OSAKA, Japan (Reuters) - Tonga hooker Siua Maile will struggle to keep his feet on the ground after his World Cup experience, especially since his only plan at present is to return to his job as a roofer in New Zealand.
Maile was a surprise selection by Tonga coach Toutai Kefu as the third-string hooker for the World Cup squad, given he was only playing amateur club rugby in Christchurch.
He made his test debut against the All Blacks on Sept. 7 before coming off the bench in Tonga’s Pool C opener in Sapporo against England. He will play against the United States in their final game on Sunday with Sosefo Sakalia out with a knee injury.
Maile admitted on Wednesday that he was unsure if he might have done enough to pique the interest of professional clubs.
“I don’t know what’s happening yet. I need a bit of a rest, but the job’s still there,” he told reporters in Osaka on Wednesday. “This is the biggest stage in rugby, though, and hopefully things will come my way.”
Maile’s rise from obscurity was thanks to video clips of his play on social media, although Tonga scrum coach Dan Cron said before the tournament that they still had no idea who to look for when they met him at Auckland airport.
The reaction was similar for the 22-year-old.
“I didn’t know anyone and they didn’t know me when I was first called into the squad,” he said.
“(But) everyone has been great.
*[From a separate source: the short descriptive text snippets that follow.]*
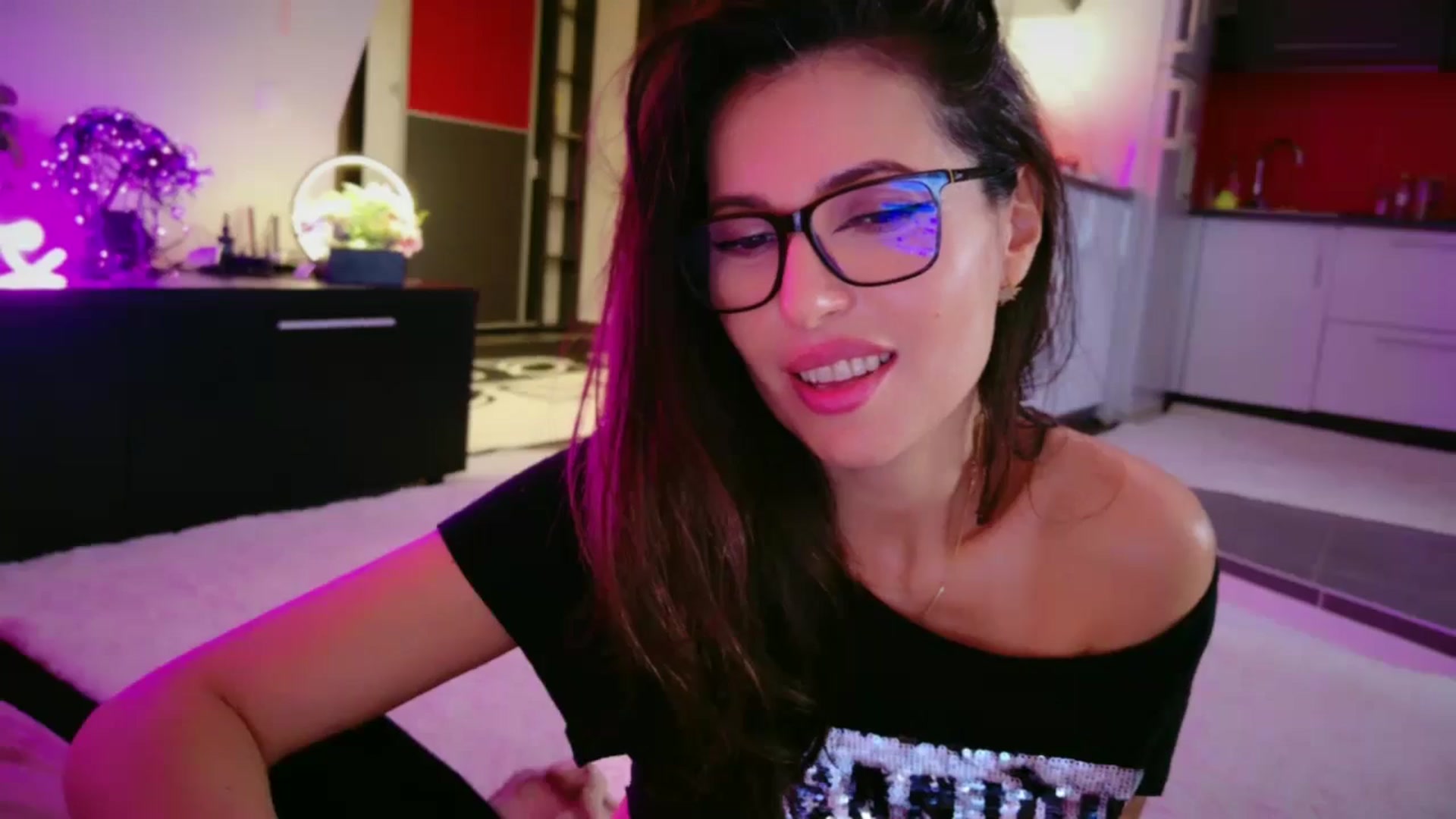 Gallery image thumbnail from SmileyTinaa's myfreecams stream on, 02/21/2026, 07:50 image 2 of 20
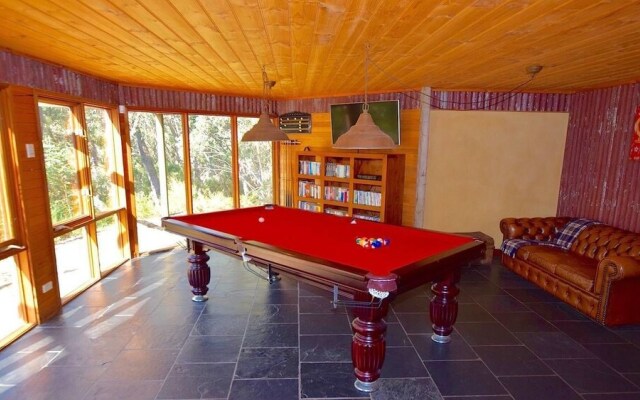 The Last Straw - Luxury Straw Bale House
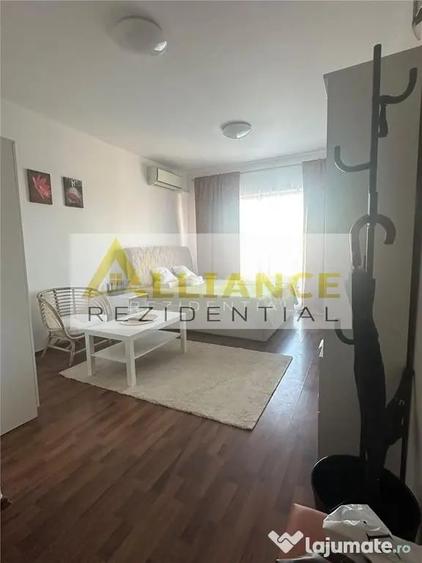 Garsonieră decomandată în Titan
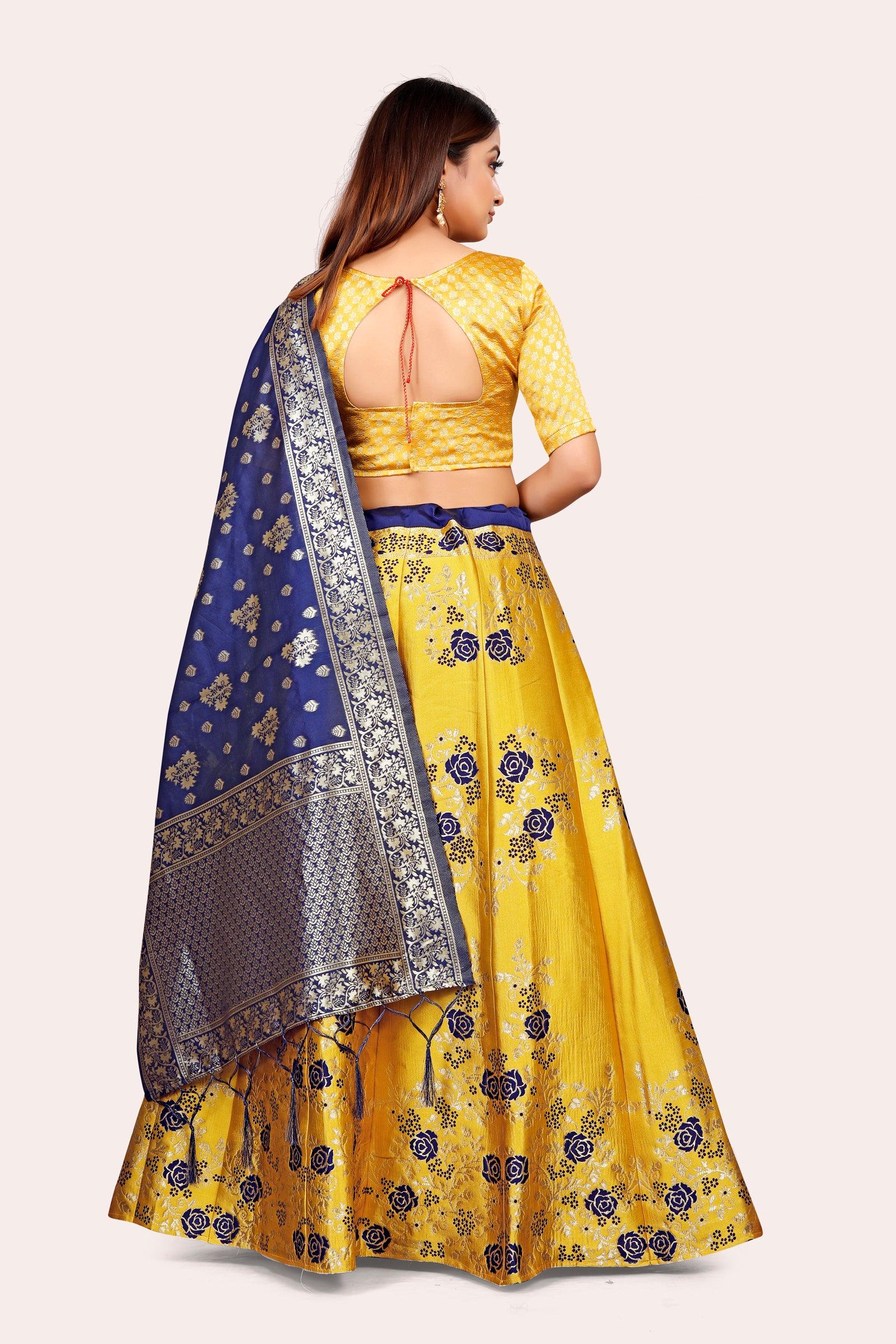 Opulent Opulence: Banarasi Lehenga Choli Set with Dupatta - Decize Clothing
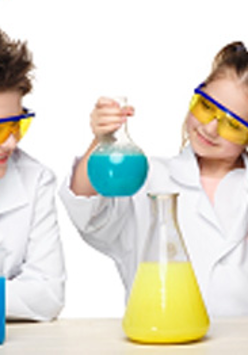 mali chemicy w laboratorium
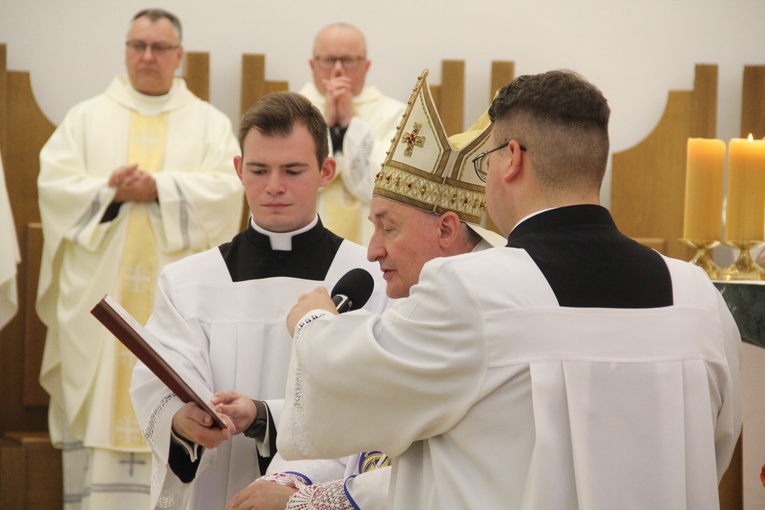 Tarnów. Błogosławieństwo nadzwyczajnych szafarzy Komunii św.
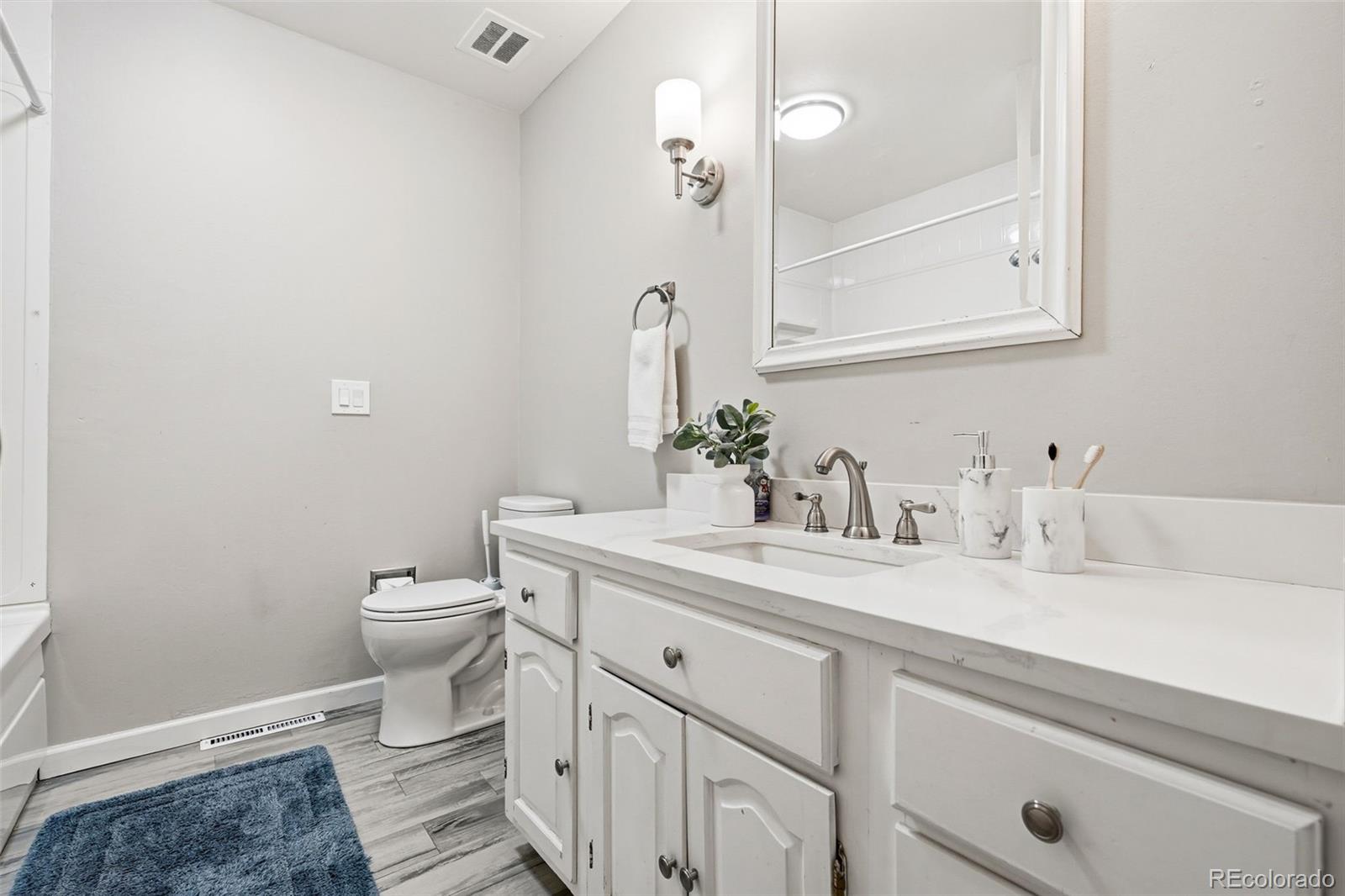 1271 Bellaire Street Broomfield CO 80020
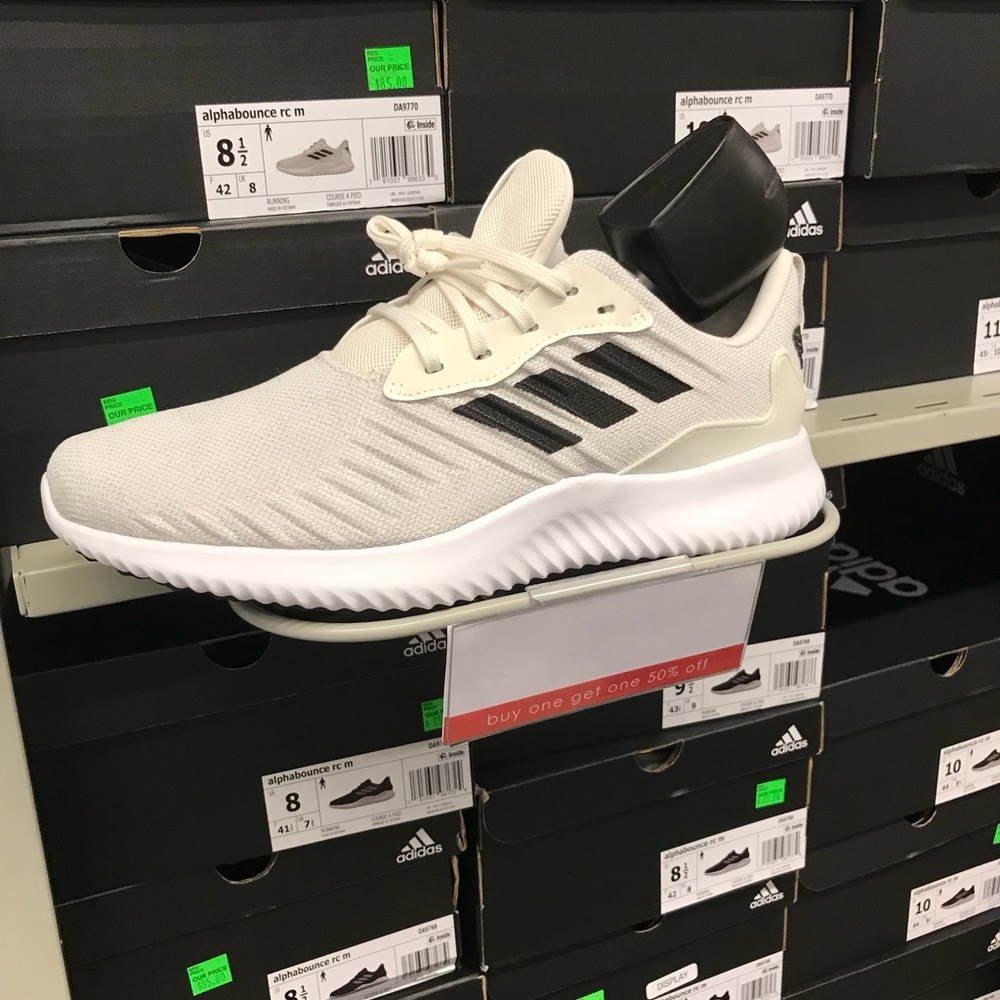 Meet your Posher, Renato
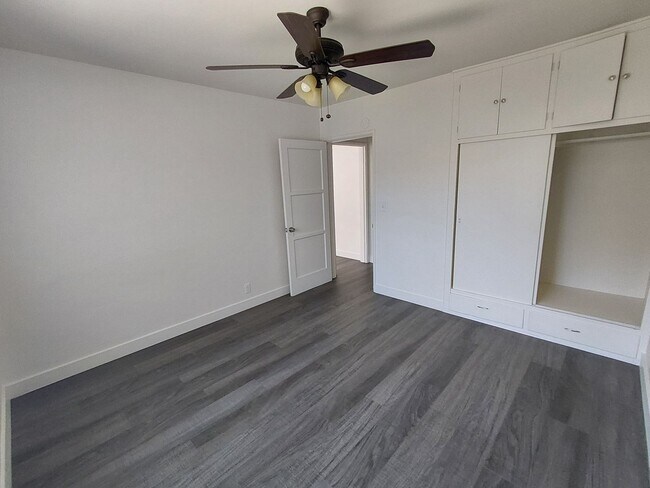 Building Photo - 8688 San Miguel Ave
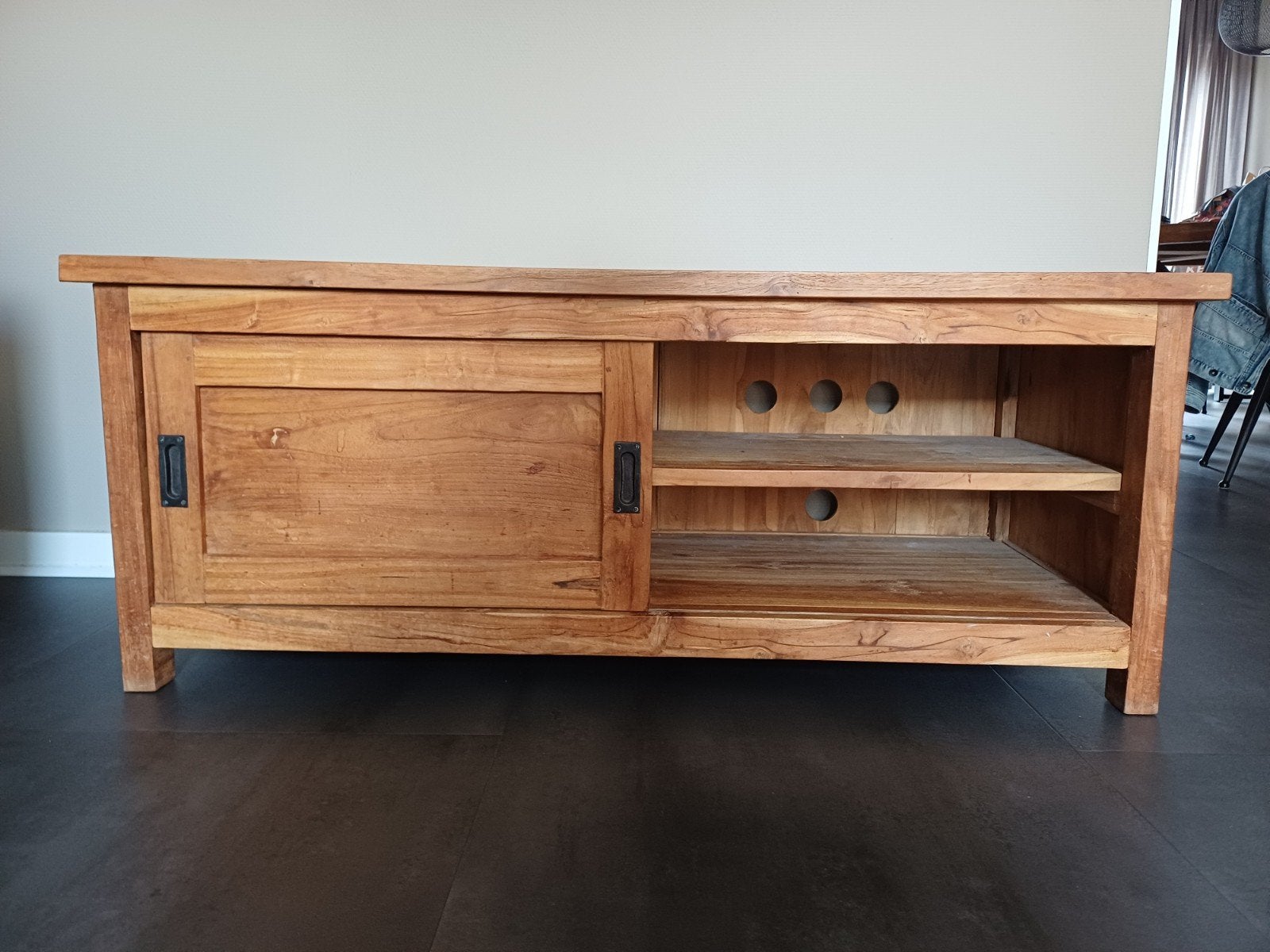 Teak TV-meubel met schuifdeur, Ophalen, 100 tot 150 cm, Teakhout, Zo goed als nieuw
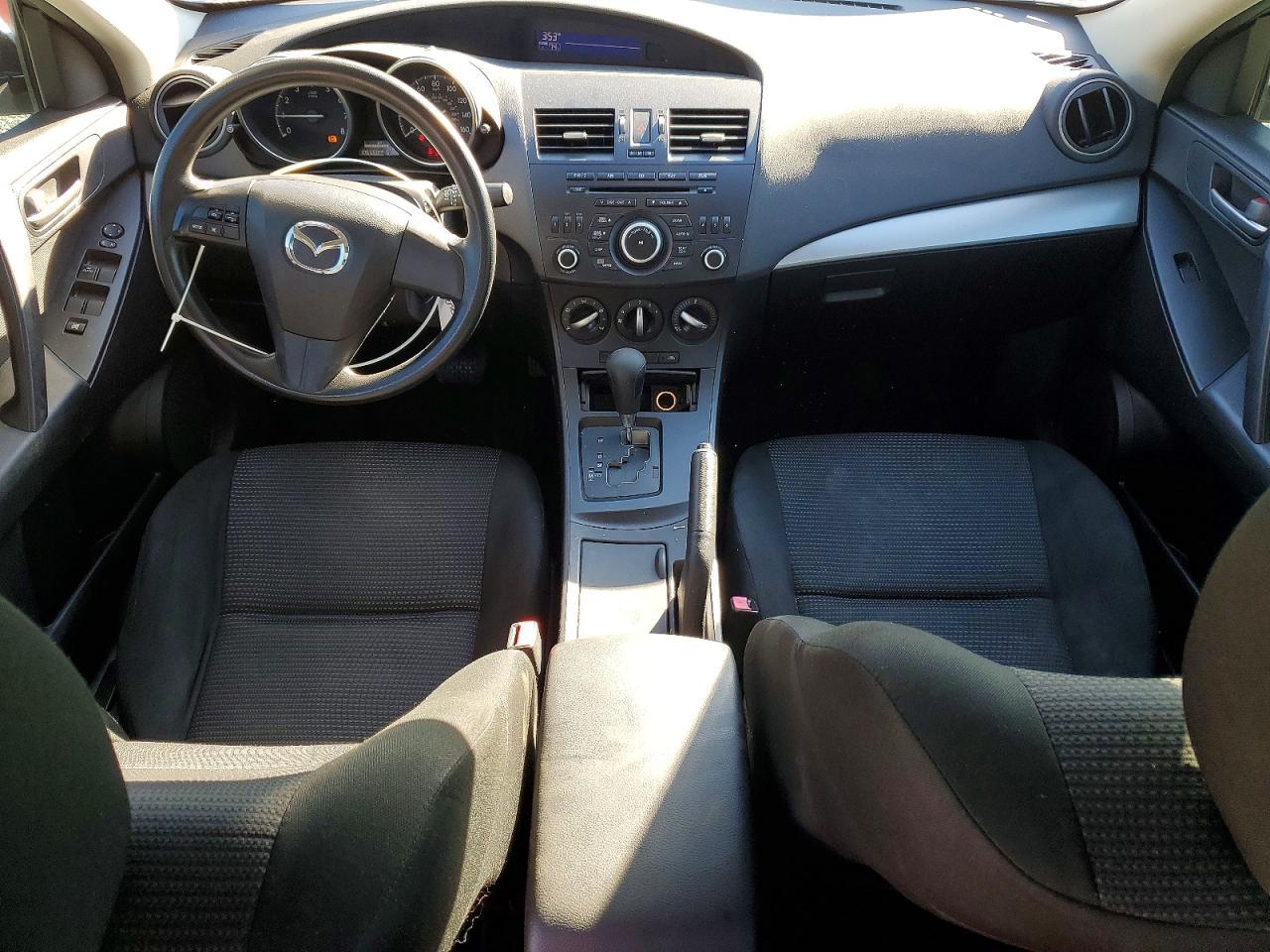 2013 Mazda 3 I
Some of the boys I’ve always looked up to as heroes – I’ve been watching Nasi (Manu) since I was little.”
Maile said the nerves that had affected him before his test debut against the All Blacks had largely disappeared by the time Tonga played their opener against England.
“I was looking forward to it and was pretty relaxed,” he said of the game at the Sapporo Dome. “I wasn’t as bad as before the warm-up game against the All Blacks.
“I was a little bit nervous then, but once I was playing it was not too bad and I got a bit of confidence from that.”
With both sides out of contention for the knockout phase he was just looking forward to playing the Eagles in Osaka and possibly delaying going back up the ladder again.
“It’s another opportunity,” he said. “I’m just trying to do my thing.”